▶ _DATA EXCERPT_:

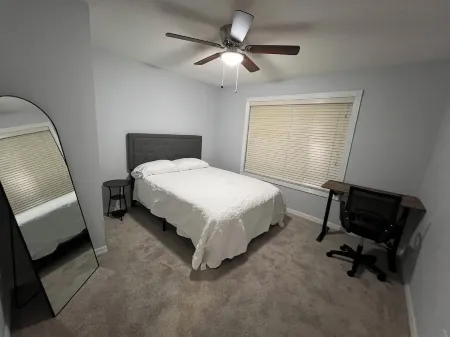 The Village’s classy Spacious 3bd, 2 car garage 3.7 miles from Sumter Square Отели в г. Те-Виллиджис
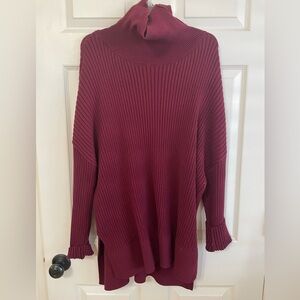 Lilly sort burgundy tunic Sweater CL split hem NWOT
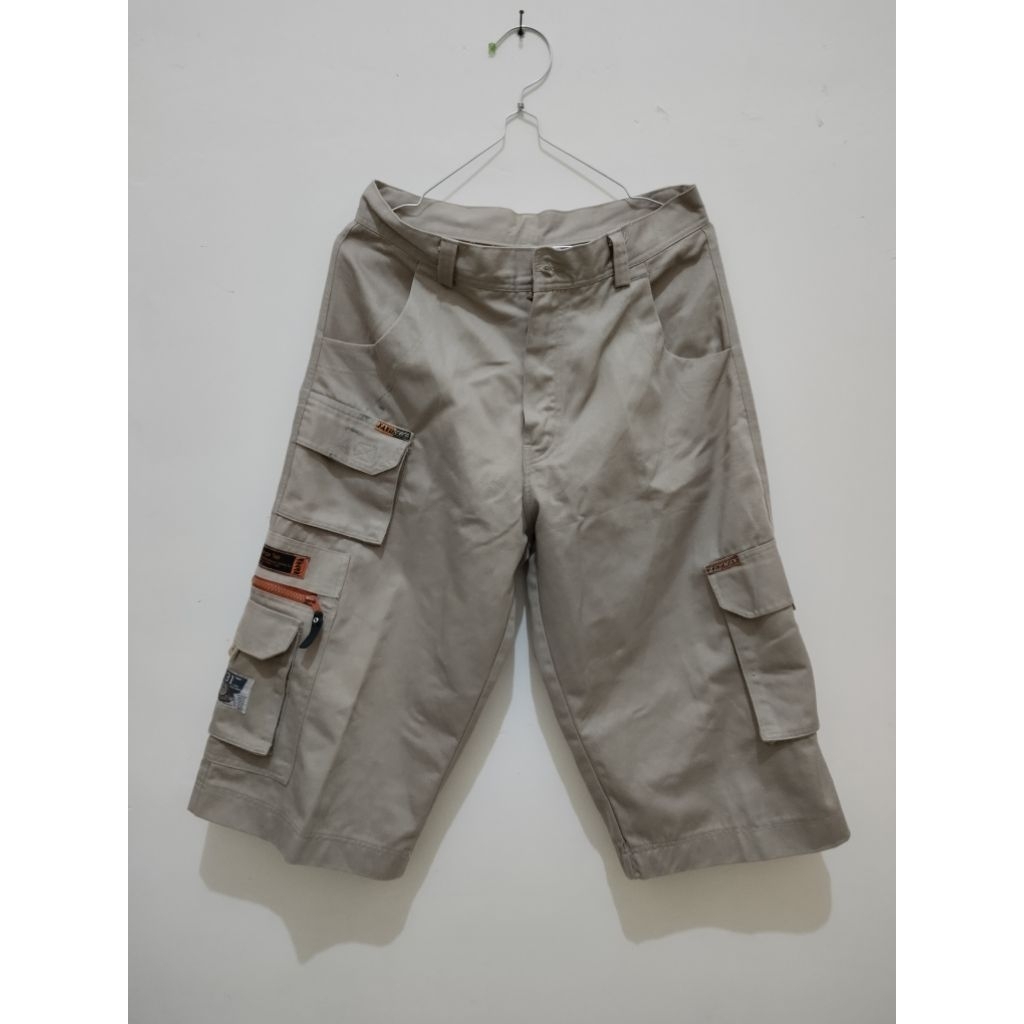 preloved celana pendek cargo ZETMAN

▶ _WORK TO BE COMPLETED_:
Skip the pictures, then return the rest of the data exactly.

▶ _YOUR SOLUTION_:
 The Village’s classy Spacious 3bd, 2 car garage 3.7 miles from Sumter Square Отели в г. Те-Виллиджис
 Lilly sort burgundy tunic Sweater CL split hem NWOT
 preloved celana pendek cargo ZETMAN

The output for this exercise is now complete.